27 thoughts on “Setting Up Django On a Raspberry Pi

  1. In my case I wasn't using the Raspberry Pi as something I'd do development on so I didn't try putting PyCharm on there. My guess is it wouldn't work all that well but it'd be interesting to try.

    Java webapps will run fine on the Pi I'd think — can't imagine running Tomcat or Jetty would be too taxing, depending on what the Java apps are doing of course. I've read several blog posts where people are doing that.

  2. D'OH! That was a placeholder and I didn't replace it with the contents of that file. I'll update that in a bit and comment again when it's up there.

    Thanks for letting me know.

  3. Tanks for this great tutorial!

    Had some real issues with the nginx conf after I copy-pasted your code into pico(don't know how to use vim yet) but those issues were fixed by manually typing in everything.

    curl http://www.foo.com works great. Will move on to setting up a "real" site now that I have been developing in Aptana on my workstation.

    Messages like these popped up after a "sudo service nginx restart":
    Restarting nginx: nginx: [emerg] unknown directive " " in /etc/nginx/sites-enabled/foo:18

    Restarting nginx: nginx: [emerg] unknown directive "location @gunicorn" in /etc/nginx/sites-enabled/foo:18

    Restarting nginx: nginx: [emerg] invalid number of arguments in "try_files" directive in /etc/nginx/sites-enabled/foo:16

  4. Glad you found it helpful! My guess is copy/paste didn't work due to encoding and line termination issues, so I'm glad that typing everything worked for you.

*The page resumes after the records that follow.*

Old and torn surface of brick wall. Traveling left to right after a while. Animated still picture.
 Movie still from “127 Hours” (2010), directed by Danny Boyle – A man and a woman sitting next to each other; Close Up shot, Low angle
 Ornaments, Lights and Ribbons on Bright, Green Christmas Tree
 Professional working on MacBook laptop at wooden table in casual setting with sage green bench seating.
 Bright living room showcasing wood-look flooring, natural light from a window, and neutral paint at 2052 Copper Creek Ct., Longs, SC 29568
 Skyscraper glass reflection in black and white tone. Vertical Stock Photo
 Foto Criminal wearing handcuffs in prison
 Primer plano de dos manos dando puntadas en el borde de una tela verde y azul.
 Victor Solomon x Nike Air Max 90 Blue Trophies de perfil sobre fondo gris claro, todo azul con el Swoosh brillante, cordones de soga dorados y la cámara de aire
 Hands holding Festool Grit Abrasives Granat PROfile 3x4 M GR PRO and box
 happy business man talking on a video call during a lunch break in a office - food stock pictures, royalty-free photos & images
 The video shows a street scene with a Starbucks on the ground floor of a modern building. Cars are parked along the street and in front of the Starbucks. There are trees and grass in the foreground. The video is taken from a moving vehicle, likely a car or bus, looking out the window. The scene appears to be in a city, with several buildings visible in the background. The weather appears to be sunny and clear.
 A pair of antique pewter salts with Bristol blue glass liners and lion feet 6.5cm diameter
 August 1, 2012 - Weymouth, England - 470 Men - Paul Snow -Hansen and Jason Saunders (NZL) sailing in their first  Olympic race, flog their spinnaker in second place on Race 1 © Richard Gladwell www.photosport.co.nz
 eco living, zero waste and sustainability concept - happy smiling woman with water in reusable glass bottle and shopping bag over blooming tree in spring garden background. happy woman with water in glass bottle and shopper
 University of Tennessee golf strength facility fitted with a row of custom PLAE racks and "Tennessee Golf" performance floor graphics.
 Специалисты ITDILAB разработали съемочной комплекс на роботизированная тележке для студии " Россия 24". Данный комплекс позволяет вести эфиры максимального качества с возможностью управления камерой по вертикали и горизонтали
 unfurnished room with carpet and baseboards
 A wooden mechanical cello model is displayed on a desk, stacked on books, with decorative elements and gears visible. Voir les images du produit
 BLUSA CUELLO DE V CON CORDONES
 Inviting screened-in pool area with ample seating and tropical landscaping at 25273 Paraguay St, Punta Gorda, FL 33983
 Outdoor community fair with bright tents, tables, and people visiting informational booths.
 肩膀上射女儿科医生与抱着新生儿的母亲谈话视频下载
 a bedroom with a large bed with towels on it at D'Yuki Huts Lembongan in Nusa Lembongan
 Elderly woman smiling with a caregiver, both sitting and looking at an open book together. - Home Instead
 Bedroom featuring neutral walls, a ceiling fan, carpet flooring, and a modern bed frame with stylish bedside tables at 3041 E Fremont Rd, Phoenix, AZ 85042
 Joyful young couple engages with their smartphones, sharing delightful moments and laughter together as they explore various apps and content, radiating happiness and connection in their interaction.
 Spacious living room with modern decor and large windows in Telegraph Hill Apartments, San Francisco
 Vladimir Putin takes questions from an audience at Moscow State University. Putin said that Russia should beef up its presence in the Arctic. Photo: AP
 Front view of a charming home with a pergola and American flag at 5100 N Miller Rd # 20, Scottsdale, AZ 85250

    In the future I'll be sure and put all the code samples in a Gist on GitHub so they can successfully be copied/pasted.

  5. Awesome. Thanks Matt

    After realizing that run_gunicorn -w 4 had to be on the same line as the 'command' in the supervisor conf file and bounced supervisor(d|ctl) all over the place, it's all working!

    And as a Linux noob, that's quite a compliment!!

  6. I haven't since I don't do CFML anymore but it'd probably run OK. You'd just have to be aware of the limited memory and configure things accordingly.

  7. Hey Matt, I get this error thrown at me when i test supervisor after writing the gunicorn.conf file
    here is the error "unix:///var/run/supervisor.sock refused connection" any idea on what I can do to fix this?

  8. I got this to work, however, when I try to add my own pre-programmed django project I can't get the raspberry pi to run the apps nor install the database properly… Help is extremely appreciated.

  9. Excellent tutorial! Everything's running smoothly on my Pi.

    One update is that it may be necessary to add logging in the settings.py file:

    LOGGING = {
    'version': 1,
    }

  10. @Felix, I ran into this as well, must be something with the latest versions of gunicorn and/or django.

    I modified my gunicorn.conf "command" line to be:
    command = /home/pi/.virtualenvs/foo/bin/gunicorn foo.wsgi:application -w 4

    Do the steps to restart supervisor/gunicorn and it should start working.

  11. I guess it would help to suggest that developers take the raspberrypi.org advice of insuring that they use an 8 gig SD card instead of the readily available 4 gig SD card.

    Me and my SD card got to the "virtualenvs" section before "IOError: No Space Left on device" error occurred.

    Great post! I'll give it another shot when I get an 8 gig card. Thanks.